More interesting is the case of multiplication. Let’s calculate the product of two egf’s:

\displaystyle A(x) B(x) = (\sum_{j \geq 0} \frac{a_j x^j}{j!})(\sum_{k \geq 0} \frac{b_k x^k}{k!}) = \sum_{n \geq 0} (\sum_{j + k = n} \frac{n!}{j! k!} a_j b_k) \frac{x^n}{n!}

The question is: what type of structure does the expression \displaystyle \sum_{j+k = n} \frac{n!}{j! k!} a_j b_k “count”? Look at the individual terms: the binomial coefficient \displaystyle \frac{n!}{j! k!} describes the number of ways of decomposing an n-element set into two disjoint subsets, one with j elements and the other with k, where j and k add to n. Then, a_j is the number of ways of putting an A-structure on the j-element part, and b_k is the number of B-structures on the k-element part.

This suggests a new operation on structure types: given structure types or species A, B, we define a new species A \otimes B according to the formula

\displaystyle (A \otimes B)\left[S\right] = \bigsqcup_{T \sqcup U = S} A\left[T\right] \times B\left[U\right]

(that is, a structure of type A \otimes B on a set S is an ordered pair, consisting of an A-structure on a subset of S and a B-structure on its complement). This functorial operation is usually called the “convolution product” of the combinatorial species A, B: it is the concrete set-theoretic operation which corresponds to multiplication of generating functions.

Finally, let’s look at composition A(B(x)). Here we make the technical assumption that b_0 = 0 (no B-structures on the empty set!), so that we won’t have divergence issues blowing up in our faces: we want to remain safely within the realm of finitary structures. Okay, then, what type of combinatorial structure does this egf count?
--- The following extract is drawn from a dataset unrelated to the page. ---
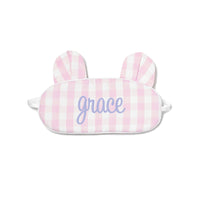 Pink Gingham Bear Eye Mask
Perhaps not surprisingly, this is rather more challenging than the previous two examples. In analytic function language, we are trying here to give a meaning to the Taylor coefficients of a composite function in terms of the Taylor coefficients of the original functions — for this, there is a famous formula attributed to Faà di Bruno, which we then want to interpret combinatorially. If you don’t already know this but want to think about this on your own, then stop reading! But I’ll just give away the answer, and say no more for now about where it comes from, although there’s a good chance you can figure it out just by staring at it for a while, possibly with paper and pen in hand.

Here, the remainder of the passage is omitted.